Париса поджала губы.
– Только не надо реагировать бурно.
– Что? – нахмурился Нико.
– Ничего… – раздраженно выдохнула она. – Мы у меня. В голове.
– У тебя в голове, – как попугай, повторил он, не сознавая смысла сказанного.
– Да. Твоя голова… она… – Париса отвела взгляд. – Ей нужен был отдых.
– Париса Камали, – вытаращился на нее Нико. Он даже чуть не рассмеялся, хотя это было бы, наверное, еще хуже, ведь для телепата впустить кого-то к себе в мысли куда интимнее, чем секс. – И ты еще говорила мне не вкладывать душу в секс…

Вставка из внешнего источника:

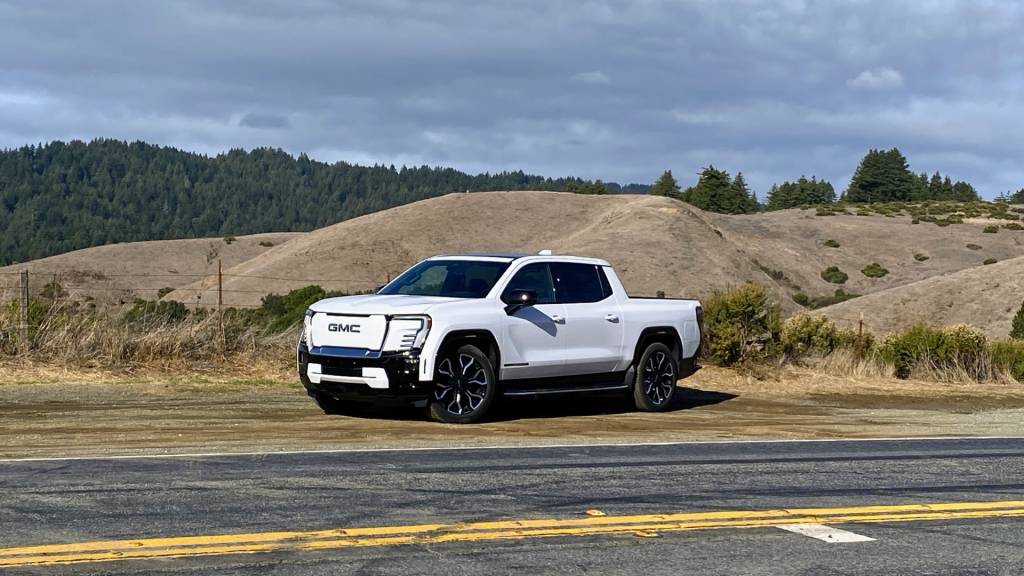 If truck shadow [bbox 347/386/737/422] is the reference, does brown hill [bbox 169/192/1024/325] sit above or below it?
above

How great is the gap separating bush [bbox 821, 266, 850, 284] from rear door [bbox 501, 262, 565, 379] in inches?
2869

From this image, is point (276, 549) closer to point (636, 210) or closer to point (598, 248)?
point (598, 248)

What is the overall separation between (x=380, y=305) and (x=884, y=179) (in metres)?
145

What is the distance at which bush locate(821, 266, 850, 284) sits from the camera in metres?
84.7

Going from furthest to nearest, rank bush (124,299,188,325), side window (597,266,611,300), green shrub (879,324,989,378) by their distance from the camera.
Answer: green shrub (879,324,989,378) < bush (124,299,188,325) < side window (597,266,611,300)

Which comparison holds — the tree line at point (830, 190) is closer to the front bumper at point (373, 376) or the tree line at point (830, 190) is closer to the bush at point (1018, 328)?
the bush at point (1018, 328)

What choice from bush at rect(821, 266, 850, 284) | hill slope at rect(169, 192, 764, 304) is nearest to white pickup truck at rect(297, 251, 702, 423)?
hill slope at rect(169, 192, 764, 304)

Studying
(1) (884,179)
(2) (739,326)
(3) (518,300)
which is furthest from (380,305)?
(1) (884,179)

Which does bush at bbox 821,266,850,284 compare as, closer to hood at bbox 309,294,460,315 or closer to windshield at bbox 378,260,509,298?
windshield at bbox 378,260,509,298

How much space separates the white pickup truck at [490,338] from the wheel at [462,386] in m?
0.01

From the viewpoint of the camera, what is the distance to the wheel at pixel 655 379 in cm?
1566

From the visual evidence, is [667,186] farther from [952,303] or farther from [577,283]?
[577,283]

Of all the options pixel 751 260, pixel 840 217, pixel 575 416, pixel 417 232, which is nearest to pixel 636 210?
pixel 751 260

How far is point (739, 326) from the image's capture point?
74.4ft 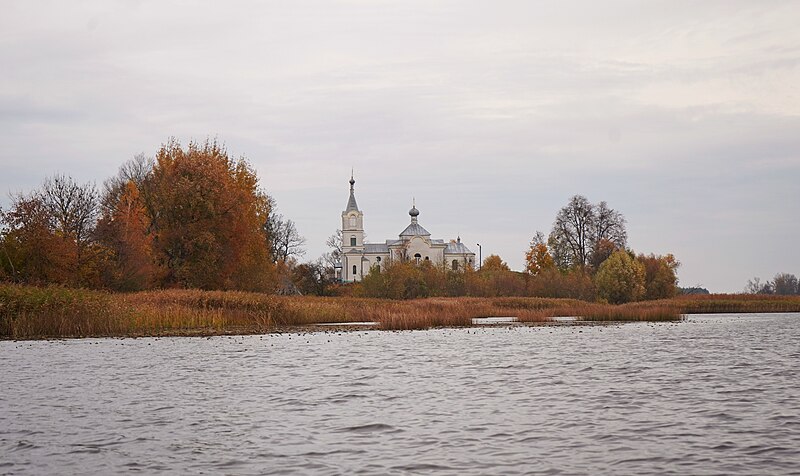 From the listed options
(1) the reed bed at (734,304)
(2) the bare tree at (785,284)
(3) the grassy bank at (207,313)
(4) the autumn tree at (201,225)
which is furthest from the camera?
(2) the bare tree at (785,284)

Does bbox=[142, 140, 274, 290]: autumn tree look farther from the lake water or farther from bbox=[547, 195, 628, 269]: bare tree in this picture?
bbox=[547, 195, 628, 269]: bare tree

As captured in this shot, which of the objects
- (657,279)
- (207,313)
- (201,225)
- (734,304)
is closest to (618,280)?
(657,279)

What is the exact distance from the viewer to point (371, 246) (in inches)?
6166

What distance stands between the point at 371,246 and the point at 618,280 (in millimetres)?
76167

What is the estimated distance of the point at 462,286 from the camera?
264 ft

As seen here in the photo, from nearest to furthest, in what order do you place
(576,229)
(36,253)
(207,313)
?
(207,313)
(36,253)
(576,229)

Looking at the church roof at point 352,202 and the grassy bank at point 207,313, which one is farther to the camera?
the church roof at point 352,202

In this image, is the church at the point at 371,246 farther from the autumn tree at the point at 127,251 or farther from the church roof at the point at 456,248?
the autumn tree at the point at 127,251

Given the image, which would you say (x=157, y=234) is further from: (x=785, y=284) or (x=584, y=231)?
(x=785, y=284)

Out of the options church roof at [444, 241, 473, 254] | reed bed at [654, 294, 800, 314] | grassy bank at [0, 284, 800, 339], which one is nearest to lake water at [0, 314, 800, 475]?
grassy bank at [0, 284, 800, 339]

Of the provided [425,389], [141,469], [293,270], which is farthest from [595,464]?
[293,270]

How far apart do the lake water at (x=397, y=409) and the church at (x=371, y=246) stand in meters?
116

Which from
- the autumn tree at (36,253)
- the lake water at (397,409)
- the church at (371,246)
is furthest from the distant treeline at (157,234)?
the church at (371,246)

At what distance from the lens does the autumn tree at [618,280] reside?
279 feet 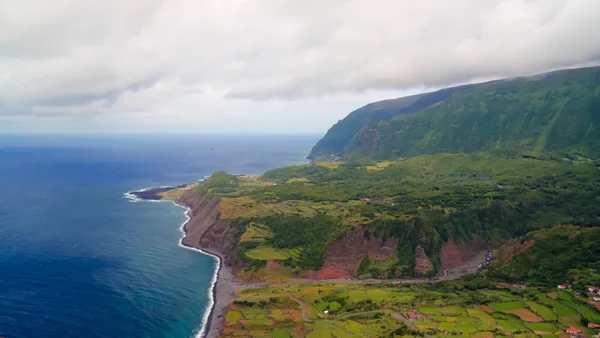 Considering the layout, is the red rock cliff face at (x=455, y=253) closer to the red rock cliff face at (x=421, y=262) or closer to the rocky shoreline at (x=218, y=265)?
the rocky shoreline at (x=218, y=265)

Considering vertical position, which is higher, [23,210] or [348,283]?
[23,210]

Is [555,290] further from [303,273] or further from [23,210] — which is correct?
[23,210]

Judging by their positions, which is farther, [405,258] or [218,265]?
[218,265]

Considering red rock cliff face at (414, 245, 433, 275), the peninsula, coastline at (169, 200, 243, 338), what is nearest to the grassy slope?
the peninsula

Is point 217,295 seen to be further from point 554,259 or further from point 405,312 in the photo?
point 554,259

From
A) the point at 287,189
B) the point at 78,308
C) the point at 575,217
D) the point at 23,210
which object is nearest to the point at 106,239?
the point at 78,308

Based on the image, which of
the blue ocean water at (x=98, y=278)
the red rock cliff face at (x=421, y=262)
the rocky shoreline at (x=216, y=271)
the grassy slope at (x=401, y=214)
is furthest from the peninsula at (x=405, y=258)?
the blue ocean water at (x=98, y=278)

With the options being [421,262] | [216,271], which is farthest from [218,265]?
[421,262] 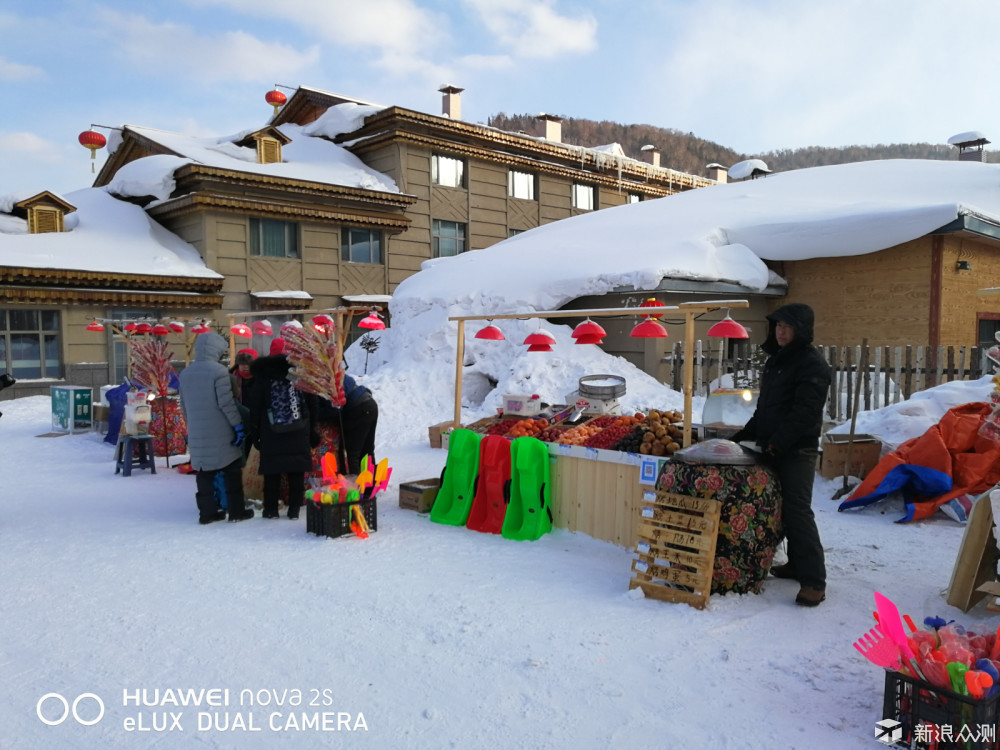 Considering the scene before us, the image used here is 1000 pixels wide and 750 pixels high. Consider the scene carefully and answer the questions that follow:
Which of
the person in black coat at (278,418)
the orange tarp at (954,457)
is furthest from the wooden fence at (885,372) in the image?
the person in black coat at (278,418)

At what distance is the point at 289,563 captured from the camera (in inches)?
248

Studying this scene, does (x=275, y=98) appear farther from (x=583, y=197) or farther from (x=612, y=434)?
(x=612, y=434)

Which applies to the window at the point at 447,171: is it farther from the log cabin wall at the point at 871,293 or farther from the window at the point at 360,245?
the log cabin wall at the point at 871,293

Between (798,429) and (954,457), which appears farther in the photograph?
(954,457)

– Довольно. Приятного отдыха. – Париса бросила на него сердитый взгляд, который теперь уже не казался таким уж обидным. Ведь он не произвел на Нико впечатления.
– Почему? – спросил он. – Могла бы и сказать, ведь если не скажешь, я решу, что ты – хороший человек. Тебе надо марку держать…

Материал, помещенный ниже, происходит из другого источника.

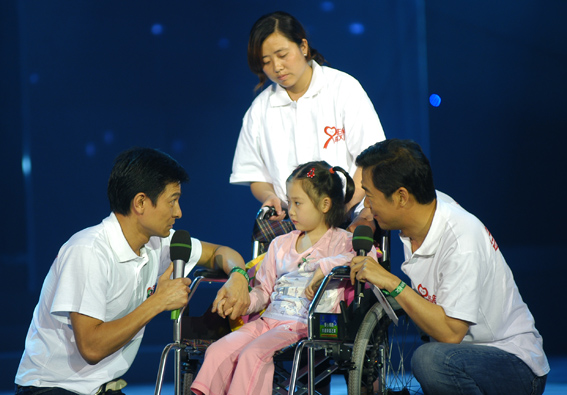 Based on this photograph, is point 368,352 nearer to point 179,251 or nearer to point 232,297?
point 232,297

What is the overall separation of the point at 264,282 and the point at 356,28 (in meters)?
2.72

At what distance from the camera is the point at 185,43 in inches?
193

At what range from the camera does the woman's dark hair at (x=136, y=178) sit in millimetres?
2277

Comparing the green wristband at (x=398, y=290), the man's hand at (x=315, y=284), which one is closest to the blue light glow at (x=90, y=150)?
the man's hand at (x=315, y=284)

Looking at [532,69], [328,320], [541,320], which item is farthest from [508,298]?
[532,69]

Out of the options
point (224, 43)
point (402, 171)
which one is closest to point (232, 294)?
point (402, 171)

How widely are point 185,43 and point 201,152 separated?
782mm

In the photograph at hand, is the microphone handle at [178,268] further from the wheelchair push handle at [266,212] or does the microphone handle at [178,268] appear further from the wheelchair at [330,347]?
the wheelchair push handle at [266,212]

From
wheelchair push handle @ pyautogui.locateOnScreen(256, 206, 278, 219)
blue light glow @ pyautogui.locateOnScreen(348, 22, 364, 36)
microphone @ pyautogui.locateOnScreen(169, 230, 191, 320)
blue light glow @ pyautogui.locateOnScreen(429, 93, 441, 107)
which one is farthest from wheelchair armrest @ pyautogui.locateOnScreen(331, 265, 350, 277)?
blue light glow @ pyautogui.locateOnScreen(348, 22, 364, 36)

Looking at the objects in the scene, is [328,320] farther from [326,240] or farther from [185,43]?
[185,43]

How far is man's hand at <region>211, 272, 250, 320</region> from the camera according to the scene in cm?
240

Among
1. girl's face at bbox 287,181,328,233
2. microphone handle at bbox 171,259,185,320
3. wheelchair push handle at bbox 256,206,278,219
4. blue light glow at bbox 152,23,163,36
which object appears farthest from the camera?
blue light glow at bbox 152,23,163,36

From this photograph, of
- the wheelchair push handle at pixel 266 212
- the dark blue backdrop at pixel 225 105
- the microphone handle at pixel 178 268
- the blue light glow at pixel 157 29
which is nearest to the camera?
the microphone handle at pixel 178 268

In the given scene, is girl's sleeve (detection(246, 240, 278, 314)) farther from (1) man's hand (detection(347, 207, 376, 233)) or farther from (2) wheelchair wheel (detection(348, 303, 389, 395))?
(2) wheelchair wheel (detection(348, 303, 389, 395))
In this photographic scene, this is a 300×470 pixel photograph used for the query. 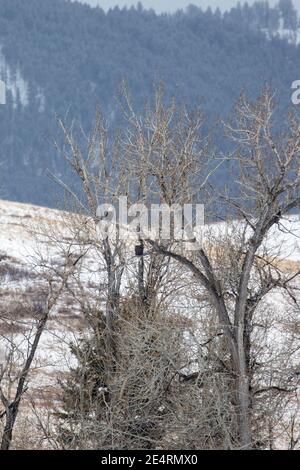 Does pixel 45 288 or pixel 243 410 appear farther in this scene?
pixel 45 288

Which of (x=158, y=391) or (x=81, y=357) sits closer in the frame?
(x=158, y=391)

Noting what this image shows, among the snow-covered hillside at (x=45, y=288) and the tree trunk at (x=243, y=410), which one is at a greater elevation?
the snow-covered hillside at (x=45, y=288)

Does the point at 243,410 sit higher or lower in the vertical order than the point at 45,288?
lower

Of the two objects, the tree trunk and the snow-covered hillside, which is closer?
the tree trunk

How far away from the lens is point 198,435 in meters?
18.9

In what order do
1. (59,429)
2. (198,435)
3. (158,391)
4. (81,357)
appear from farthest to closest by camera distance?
(81,357) → (59,429) → (158,391) → (198,435)

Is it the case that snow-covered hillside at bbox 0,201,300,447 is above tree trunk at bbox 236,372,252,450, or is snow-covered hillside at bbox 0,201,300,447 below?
above

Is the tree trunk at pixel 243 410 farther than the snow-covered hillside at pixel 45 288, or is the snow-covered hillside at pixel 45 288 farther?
the snow-covered hillside at pixel 45 288

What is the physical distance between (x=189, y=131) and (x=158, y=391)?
18.9 feet

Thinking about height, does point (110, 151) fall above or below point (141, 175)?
above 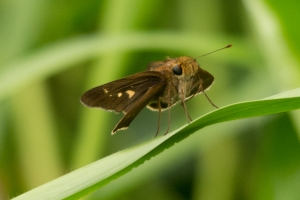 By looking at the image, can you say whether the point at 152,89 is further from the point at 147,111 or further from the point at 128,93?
the point at 147,111

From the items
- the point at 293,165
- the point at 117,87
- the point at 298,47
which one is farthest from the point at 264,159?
the point at 117,87

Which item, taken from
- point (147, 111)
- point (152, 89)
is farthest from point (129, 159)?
point (147, 111)

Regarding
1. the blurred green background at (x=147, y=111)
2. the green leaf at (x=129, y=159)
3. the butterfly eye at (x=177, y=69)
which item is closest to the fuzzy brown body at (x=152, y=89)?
the butterfly eye at (x=177, y=69)

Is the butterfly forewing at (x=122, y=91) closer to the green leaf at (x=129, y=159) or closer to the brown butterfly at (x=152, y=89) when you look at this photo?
the brown butterfly at (x=152, y=89)

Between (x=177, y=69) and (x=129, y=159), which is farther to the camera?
(x=177, y=69)

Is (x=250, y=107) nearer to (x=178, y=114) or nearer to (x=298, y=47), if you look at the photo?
(x=298, y=47)

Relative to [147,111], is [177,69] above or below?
above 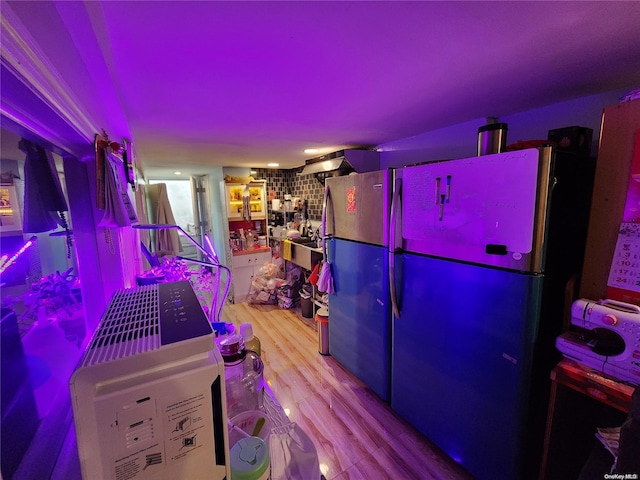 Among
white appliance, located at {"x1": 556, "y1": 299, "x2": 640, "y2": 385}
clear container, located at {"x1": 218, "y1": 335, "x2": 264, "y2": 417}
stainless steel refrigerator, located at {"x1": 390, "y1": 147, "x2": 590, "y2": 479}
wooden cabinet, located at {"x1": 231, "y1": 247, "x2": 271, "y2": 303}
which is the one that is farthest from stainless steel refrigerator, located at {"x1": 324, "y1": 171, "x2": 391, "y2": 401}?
wooden cabinet, located at {"x1": 231, "y1": 247, "x2": 271, "y2": 303}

– На меня напал приступ человеколюбия, – отрезала Париса. – И ты мне уже надоедаешь. Буду знать. Правильно Роудс тебя ненавидела.
– А, ясно, ты специально упоминаешь ее, чтобы позлить меня, но у тебя ничего не выйдет, – радостно заявил Нико. – Ты же знаешь: у нас с ней взаимная неприязнь.
– Да, конечно. У тебя недюжинный талант к ненависти. – Париса вперила в него проницательный взгляд. – Сколько людей зараз ты способен «ненавидеть»? Ограничения есть?
– Не-а.
Париса закатила глаза.
– Иди поспи. Когда проснешься, меня уже не будет.
– Но память об этой ночи сохранится, ваша королевская нежность.
Наверное, не стоило это говорить, потому что, когда он наконец проснулся – ближе к десяти утра, разнеженный и полный сил, – обнаружил пропажу любимого свитера, на месте которого лежала записка:
Так тяжело найти хороший кашемир.
Впереди была холодная зима, но Нико, как ни странно, не расстроился. Давно он не чувствовал себя так хорошо и потому, внезапно найдя в себе смелость, которой давно уже не ощущал, достал телефон.
«Я тут – самый глупый парень», – написал он.
«Не могу не согласиться», – ответили ему.
Следом пришло еще сообщение:
«Я слишком долго пропадал, Ники.
Осталось последнее дело, и скоро я тебя навещу».